[Web page caption snippets]
►

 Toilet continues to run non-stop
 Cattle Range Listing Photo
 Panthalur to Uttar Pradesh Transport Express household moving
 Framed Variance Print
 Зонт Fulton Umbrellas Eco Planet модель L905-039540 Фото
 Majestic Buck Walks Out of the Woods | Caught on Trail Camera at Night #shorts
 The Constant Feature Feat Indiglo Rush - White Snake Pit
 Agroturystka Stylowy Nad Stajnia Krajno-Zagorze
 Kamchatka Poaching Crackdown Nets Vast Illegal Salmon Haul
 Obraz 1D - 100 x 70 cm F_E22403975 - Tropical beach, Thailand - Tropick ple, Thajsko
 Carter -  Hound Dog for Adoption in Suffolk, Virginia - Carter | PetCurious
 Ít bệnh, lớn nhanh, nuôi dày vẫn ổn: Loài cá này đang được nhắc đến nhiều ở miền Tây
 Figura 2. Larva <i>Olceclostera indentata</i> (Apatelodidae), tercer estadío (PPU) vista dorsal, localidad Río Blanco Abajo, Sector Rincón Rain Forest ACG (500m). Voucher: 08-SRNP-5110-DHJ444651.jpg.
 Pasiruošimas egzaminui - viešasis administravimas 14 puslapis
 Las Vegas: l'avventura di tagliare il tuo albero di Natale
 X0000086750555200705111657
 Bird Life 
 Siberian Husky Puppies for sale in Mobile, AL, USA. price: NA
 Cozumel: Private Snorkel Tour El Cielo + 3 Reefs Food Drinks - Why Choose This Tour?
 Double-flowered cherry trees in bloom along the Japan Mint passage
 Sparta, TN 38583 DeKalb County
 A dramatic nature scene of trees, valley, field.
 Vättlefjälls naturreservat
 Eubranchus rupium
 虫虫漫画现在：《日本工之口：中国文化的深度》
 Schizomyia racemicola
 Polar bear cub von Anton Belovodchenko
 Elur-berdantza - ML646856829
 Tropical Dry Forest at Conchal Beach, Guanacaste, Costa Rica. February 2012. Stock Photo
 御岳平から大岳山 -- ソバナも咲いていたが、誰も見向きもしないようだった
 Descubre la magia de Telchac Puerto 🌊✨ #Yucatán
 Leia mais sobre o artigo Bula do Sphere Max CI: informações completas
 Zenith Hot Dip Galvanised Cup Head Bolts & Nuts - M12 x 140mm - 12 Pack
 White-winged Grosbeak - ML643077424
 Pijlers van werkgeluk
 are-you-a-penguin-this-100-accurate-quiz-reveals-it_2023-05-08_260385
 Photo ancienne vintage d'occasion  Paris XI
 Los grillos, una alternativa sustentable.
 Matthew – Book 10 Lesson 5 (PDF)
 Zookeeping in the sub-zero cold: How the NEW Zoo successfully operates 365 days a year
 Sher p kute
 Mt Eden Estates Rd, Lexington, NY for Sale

◄

**Problem description**.
All the data above is to be given again, exactly.

**Solved exercise**.
 Toilet continues to run non-stop
 Cattle Range Listing Photo
 Panthalur to Uttar Pradesh Transport Express household moving
 Framed Variance Print
 Зонт Fulton Umbrellas Eco Planet модель L905-039540 Фото
 Majestic Buck Walks Out of the Woods | Caught on Trail Camera at Night #shorts
 The Constant Feature Feat Indiglo Rush - White Snake Pit
 Agroturystka Stylowy Nad Stajnia Krajno-Zagorze
 Kamchatka Poaching Crackdown Nets Vast Illegal Salmon Haul
 Obraz 1D - 100 x 70 cm F_E22403975 - Tropical beach, Thailand - Tropick ple, Thajsko
 Carter -  Hound Dog for Adoption in Suffolk, Virginia - Carter | PetCurious
 Ít bệnh, lớn nhanh, nuôi dày vẫn ổn: Loài cá này đang được nhắc đến nhiều ở miền Tây
 Figura 2. Larva <i>Olceclostera indentata</i> (Apatelodidae), tercer estadío (PPU) vista dorsal, localidad Río Blanco Abajo, Sector Rincón Rain Forest ACG (500m). Voucher: 08-SRNP-5110-DHJ444651.jpg.
 Pasiruošimas egzaminui - viešasis administravimas 14 puslapis
 Las Vegas: l'avventura di tagliare il tuo albero di Natale
 X0000086750555200705111657
 Bird Life 
 Siberian Husky Puppies for sale in Mobile, AL, USA. price: NA
 Cozumel: Private Snorkel Tour El Cielo + 3 Reefs Food Drinks - Why Choose This Tour?
 Double-flowered cherry trees in bloom along the Japan Mint passage
 Sparta, TN 38583 DeKalb County
 A dramatic nature scene of trees, valley, field.
 Vättlefjälls naturreservat
 Eubranchus rupium
 虫虫漫画现在：《日本工之口：中国文化的深度》
 Schizomyia racemicola
 Polar bear cub von Anton Belovodchenko
 Elur-berdantza - ML646856829
 Tropical Dry Forest at Conchal Beach, Guanacaste, Costa Rica. February 2012. Stock Photo
 御岳平から大岳山 -- ソバナも咲いていたが、誰も見向きもしないようだった
 Descubre la magia de Telchac Puerto 🌊✨ #Yucatán
 Leia mais sobre o artigo Bula do Sphere Max CI: informações completas
 Zenith Hot Dip Galvanised Cup Head Bolts & Nuts - M12 x 140mm - 12 Pack
 White-winged Grosbeak - ML643077424
 Pijlers van werkgeluk
 are-you-a-penguin-this-100-accurate-quiz-reveals-it_2023-05-08_260385
 Photo ancienne vintage d'occasion  Paris XI
 Los grillos, una alternativa sustentable.
 Matthew – Book 10 Lesson 5 (PDF)
 Zookeeping in the sub-zero cold: How the NEW Zoo successfully operates 365 days a year
 Sher p kute
 Mt Eden Estates Rd, Lexington, NY for Sale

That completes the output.